I talk a lot about how close my mom and I are. From the secrets I can tell her to the advice I seek from her on a nearly daily basis, it's easy to tell people about how much she means to me. We practically share a face so it's not uncommon for people I don't know to approach me when I am home and ask me if I am her daughter. She has taught me so much about the woman I want to be and I am so thankful for all that I have learned from her. However, so much of who I am is because of the man my father is.
I learned plenty from my dad. No crying in baseball, how to use a circular saw, and the art of making a joke during the most inappropriate times. However, the true testament of how close I am to my father is found in his sayings and mannerisms that I find myself doing all the time. More importantly, though, I have a pillar to lean on when it feels like I am carrying the weight of the world because my father knows that weight too. He has been so steadfast through my childhood and as my siblings have grown up, that it wasn't until I began my struggles with anxiety that I learned the extent of my connection with my father. Even now that I am away at college a call to my dad will make the sometimes overwhelming feat of just getting through my week seem so much easier.

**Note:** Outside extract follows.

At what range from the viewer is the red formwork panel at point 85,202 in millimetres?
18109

My father's catch phrase to get me through whatever is stressing me out has always been "It's going to be a good life". When I was younger, this saying was a bandaid that patched me together about whatever it was that I was having a meltdown about. As I got older my dad's mantra become more of a reality as he helped me transition into adulthood and gave me the tools to make a good life for myself.
So this good life that I am leading is owed to the man who taught me how. He keeps his head down, provides with little appreciation, and worries silently to avoid upsetting the rest of us. A thank you to the dad that doesn't ask for one, I love you bud.